Катастрофа. Спектакль | страница 16



— Такое уж ярмо наше, газетное, — гасил Гуляйвитер пламя ссоры, щедро рассыпая слова.

— Если бы кое-кто меньше командовал… — прозвучало из угла. — Разве мы не понимаем?

«Как он умеет с ними, эта бездарь, — завистливо думал Иван, отступив к окну. — Плетет ерунду, а они слушают и не злятся. Должно быть, чуют в нем своего, а я чужой. Масса любит простачков и демагогов…»

— Кто в воскресенье по грибы, обращайтесь к нашему профоргу, о машине я договорился, бегу звонить, — уже с порога крикнул Гуляйвитер.

«Но и я остолоп, сорвался, не приведи господи командовать людьми, кто-то писал, что великие гуманисты — потенциальные тираны, но ведь никто не может уничтожить в себе злость, пока не узнает, что в нем зло, а что добро. Сковорода. Надо бы извиниться». Он боялся растерять сладкое чувство самоуважения.

— Мы все… слишком нервные… Начитаешься макулатуры, набегаешься…

Цех молчал.

«Ты ждал, что они от радости упадут к твоим ногам, но что-то никто не падает.
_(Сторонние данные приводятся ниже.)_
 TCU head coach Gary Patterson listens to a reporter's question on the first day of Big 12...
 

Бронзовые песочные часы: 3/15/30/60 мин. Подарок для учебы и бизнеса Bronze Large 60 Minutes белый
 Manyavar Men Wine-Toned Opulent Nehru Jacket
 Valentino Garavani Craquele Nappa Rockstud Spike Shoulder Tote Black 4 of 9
Может, ждут, что я стану на колени? Помилосердствуйте, простите… Много чести…» — Иван пошел к двери, вызывающе печатая шаг.
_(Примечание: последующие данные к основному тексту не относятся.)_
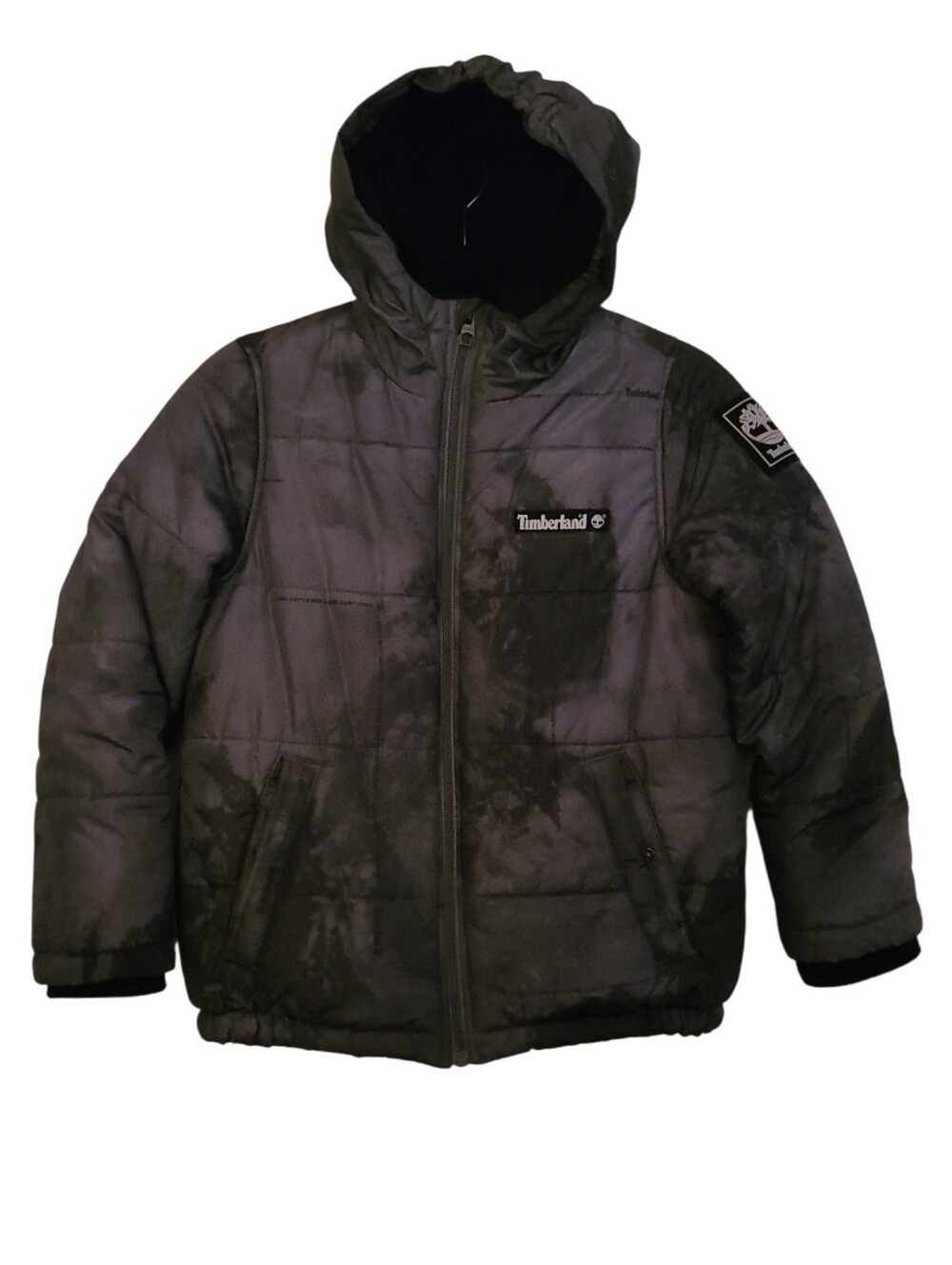 Timberland Boys Black / Gray Kids Puffer Jacket with Hood Sz S / 8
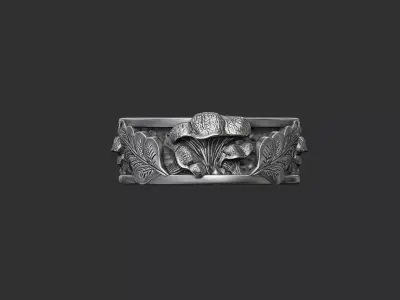 Chantrelle mushroom and tree leaves wedding band 3D print model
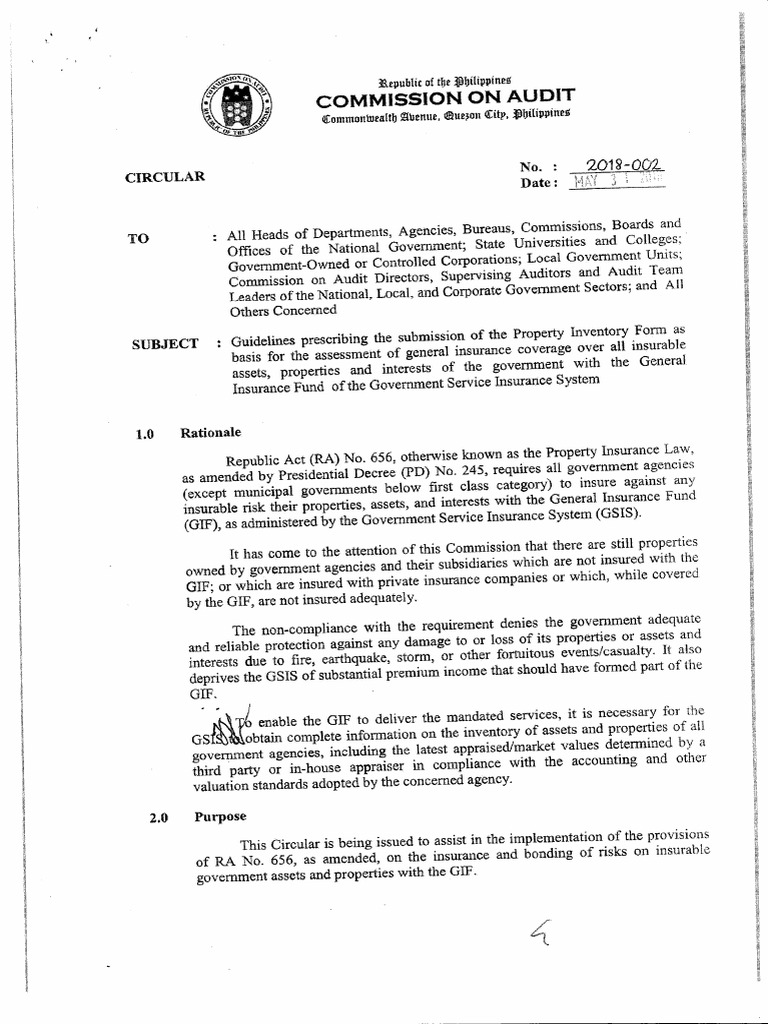 COA Circular No. 2018 002 PROPERTY INVENTORY PDF Insurance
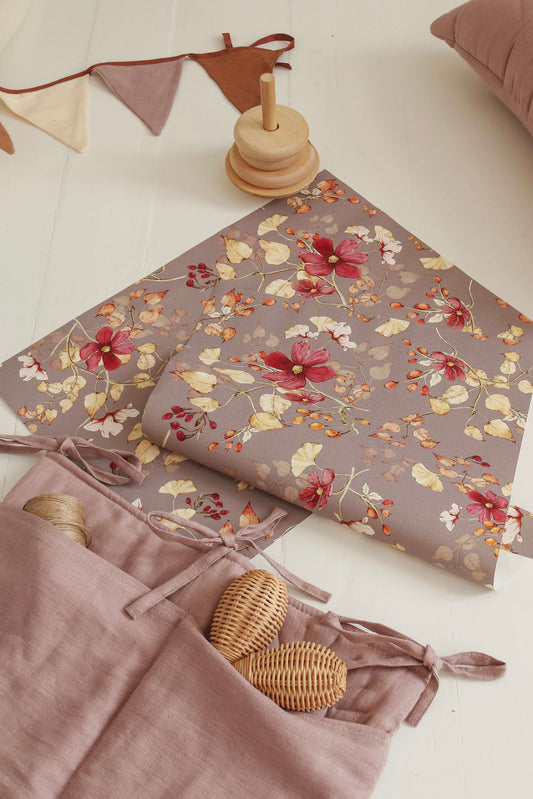 Matuu Indian Summer purple wallpaper styled samples showing botanical details on deep purple background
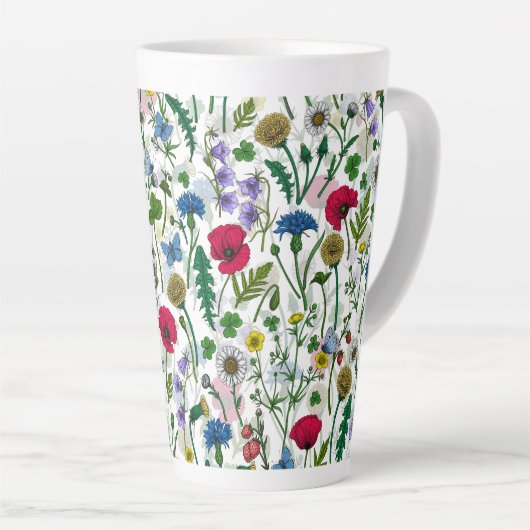 Tasse Latte Fleurs sauvages sur blanc cassé (Angle droit)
Последние месяцы Хаблак жил отдельно от семьи и отцовство свое воспринимал немного абстрактно. Скакал как сумасшедший — скрипели изношенные половицы в кабинете, — когда получил поздравительную телеграмму; все случилось намного раньше, неожиданно, Марту отвез в роддом брат Андрея. От счастья улыбался каждому встречному, жал руки, поил редакционных мужиков и, конечно, перебрал на радостях, такова уж тереховская традиция (да и не только, скажу я вам, тереховская). Потом, получив недельный отпуск, хлопотал возле жены и ребенка, ездил в город за кроваткой, пеленками, ползунками, ванночкой, дел хватило на все эти дни, а из белых матерчатых сугробов что-то уакало крохотное, красное, но всласть разглядывать это Андрею не разрешалось, а уж тем более брать на руки. Потом торопливые строчки жены скупо информировали, что она уже крутит головой, улыбается, любит глядеть на лампочку и на окошко. Андрей Сидорович, не принимая всего этого на веру, улыбался каждому известию и никак не мог представить, что где-то там, за сотню километров, живет человек, рожденный от него. Обыкновенные слова: «У меня есть дочь, моя дочь» — поднимали в груди сладкую бурю. Но проходило время, и цепкие будни тереховской жизни, неудачи на газетной ниве размывали ощущение праздника.

Но сегодня не существовало ничего, кроме его дочери. Даже очерк, лучший его очерк, лежал на столе среди бутылочек и сосок, не вызывая у Андрея никаких эмоций. Из-под кружевного чепчика на Хаблака зыркали два заинтересованных глаза маленького человечка, который уже видел, чувствовал и, наверное, как-то по-своему анализировал мир.